### WHAT IS BEING ASKED
In the records below, find the line containing "Folders holding report" and the line containing "Ampullü lamba duvardan". Give again exactly those lines and every line between them, omitting the pictures.

### EXTRACTED INFORMATION

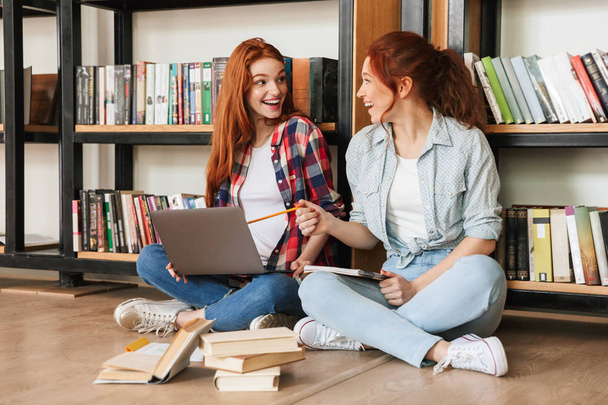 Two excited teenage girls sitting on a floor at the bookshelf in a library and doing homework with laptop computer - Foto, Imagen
--
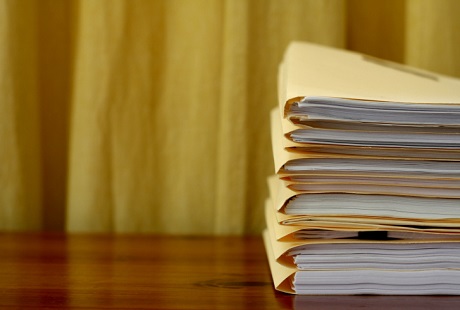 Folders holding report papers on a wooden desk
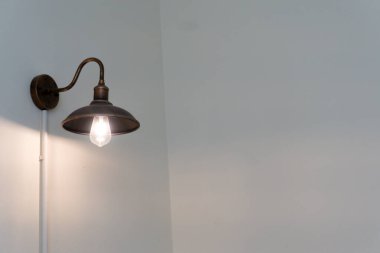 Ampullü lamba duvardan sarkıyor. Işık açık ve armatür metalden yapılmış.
...
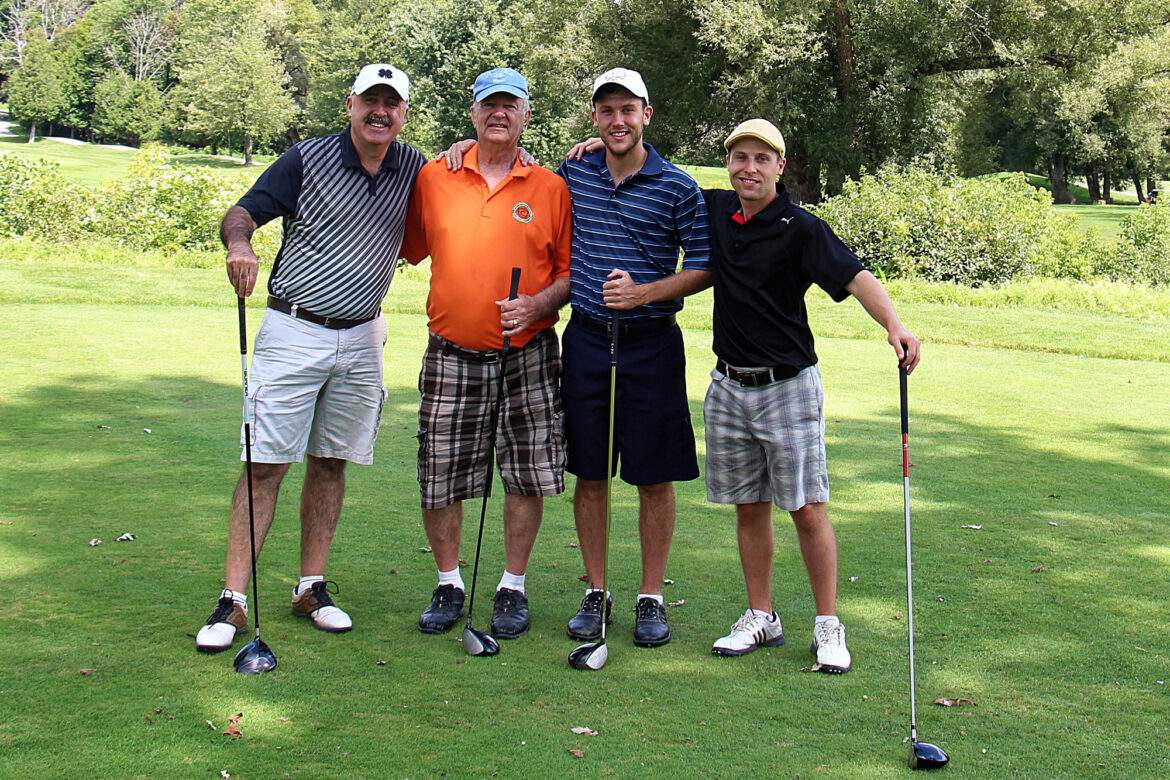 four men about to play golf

### ANSWER BOX
 Folders holding report papers on a wooden desk
 Ampullü lamba duvardan sarkıyor. Işık açık ve armatür metalden yapılmış.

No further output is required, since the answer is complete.